*** Opening Input data ***

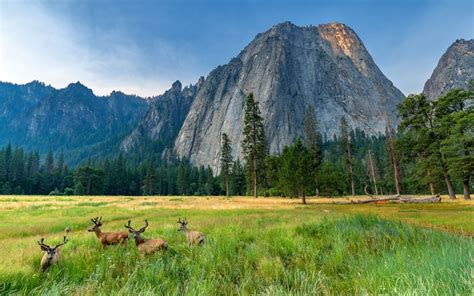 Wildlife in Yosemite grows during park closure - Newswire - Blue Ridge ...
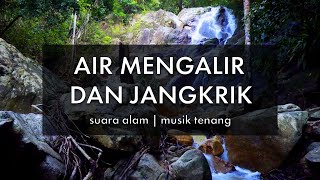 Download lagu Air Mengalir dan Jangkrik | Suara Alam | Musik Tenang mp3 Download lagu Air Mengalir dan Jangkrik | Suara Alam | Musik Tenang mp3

*** Closing Input data ***
*** Opening Input data ***

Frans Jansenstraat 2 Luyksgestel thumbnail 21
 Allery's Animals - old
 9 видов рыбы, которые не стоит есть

*** Closing Input data ***
*** Opening Input data ***

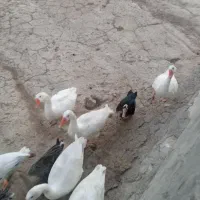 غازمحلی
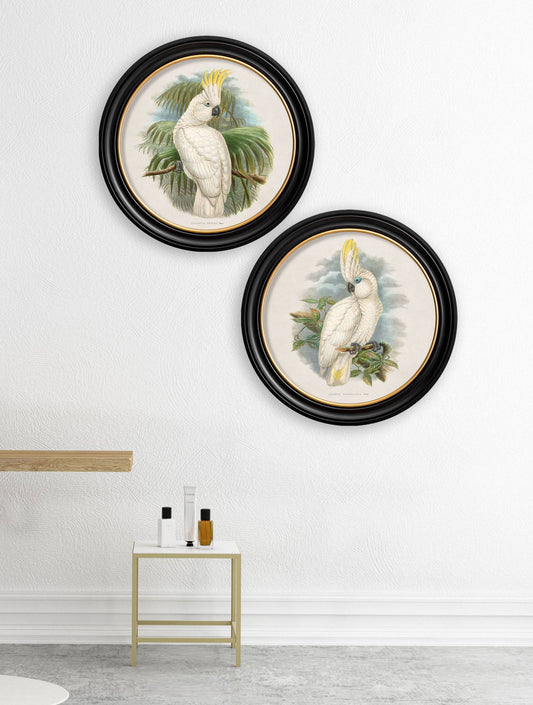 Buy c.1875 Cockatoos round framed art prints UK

*** Closing Input data ***

▶ Exercise details
Print, exactly and with no pictures, the lines of the listing above starting at the one that has "Blue Ridge ..." and ending at the one that has "Tenang mp3 Download", both included.

▶ Worked solution
 Wildlife in Yosemite grows during park closure - Newswire - Blue Ridge ...
 Download lagu Air Mengalir dan Jangkrik | Suara Alam | Musik Tenang mp3 Download lagu Air Mengalir dan Jangkrik | Suara Alam | Musik Tenang mp3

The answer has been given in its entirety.